Entre o desejo de ler banda desenhada diferente, e a obrigação de evoluir no meu nível de francês, estou a pegar nalgumas leituras mais simples, ou destinadas para um público mais jovem. Bem, neste caso, não tenho a certeza que seja indicado aos mais jovens, apesar de ser um volume visualmente cativante e deslumbrante.

Lua cheia e nuvens gordas. Diz-se que nessas noites a cozinha dos ogres está aberta. Assim começa este volume que nos apresenta um grupo de crianças sem abrigo que vive nas ruas de uma cidade. A história centra-se em trois-fois-morte, um rapaz esquelético que aprendeu a cozinhar com o pai que o maltratava. Um dia, pegando um balde de água para o grupo, depara-se com os amigos a serem pescados por uma sombria criatura.

Ajudado por um cavaleiro andante, começam a perseguição. Mas o desfecho não será a salvação das crianças, antes a entrada nas cozinhas dentro de um saco. Sobrevivendo em condições miseráveis ao caldeirão, trois-fois-morte arranja um grupo de amigos que servem nas cozinhas e tem como missão salvar os seus companheiros.

A história oscila entre a vertente fofa e corajosa do jovem rapaz e os horrores que existem e rodeiam a cozinha dos ogres. O que, na perspectiva do cozinheiro é uma iguaria, na visão do rapaz são pedaços de corpos triturados que o rodeiam, enquanto decorre uma entusiasmada descrição culinária. Mas mesmos nos momentos de maior horror, os desenhos são fascinantes e coloridos, o que não deixa de criar uma curiosa e retorcida dualidade.

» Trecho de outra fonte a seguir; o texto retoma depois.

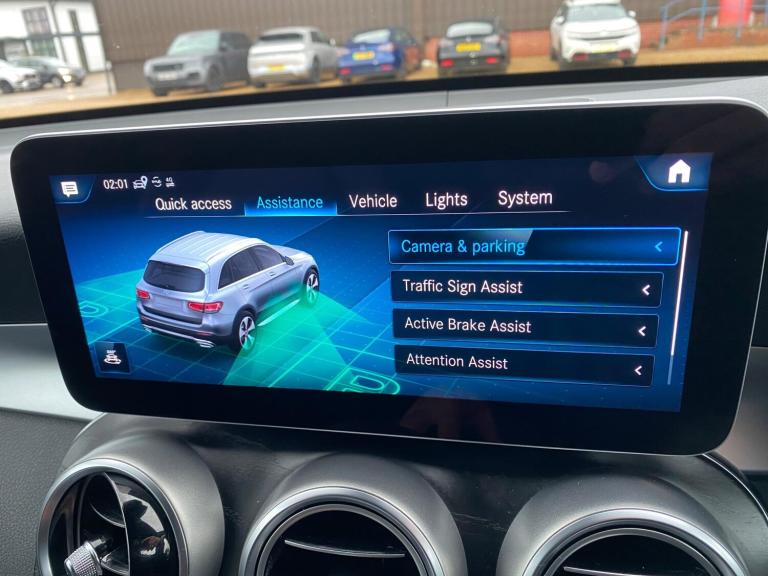 2020 Mercedes-Benz GLC 2.0 GLC300d AMG Line (Premium) G-Tronic+ 4MATIC Euro 6 (s/s) 5dr ESTATE Di...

A narrativa não é, pois, uma fantasia inocente, leve e divertida. Trois-fois-morte sobrevive, mas vê-se numa realidade dura onde deverá trabalhar para se sustentar. A juntar a este facto, persiste uma aura de tristeza e desespero, onde não faltam os fantasmas daquelas que foram servidos aos convidados da famosa cozinha dos ogres.

É uma história carregada de acção e de movimento, onde entre as perseguições e as tentativas de fuga (e planos sequentes), as personagens se vêm em sucessivos episódios de perigo e tensão. Mas existem, também, momentos mais pausados onde as personagens tecem os planos e onde há curtas oportunidades para falar de passados traumáticos.

La Cuisine des Ogres é uma leitura negra que decorre num mundo fantástico curioso em que os ogres devem manter a sua reputação, criando as mais fabulosas produções culinárias, para os mais curiosos convidados. Neste contexto, o espectacular convive com o grotesco – mas suponho que tal seria também a perspectiva de uma galinha consciente numa cozinha humana, entre uma canja e uns ovos mexidos.

Entre relatos fabulosos e entusiasmantes, La Cuisine des Ogres surpreende pelo tom e pelo espírito negro, criando cenários visualmente fascinantes com detalhes caricatos e sombrios. Pouco decorre como esperamos nos primeiros momentos, mas o resultado é muito bom.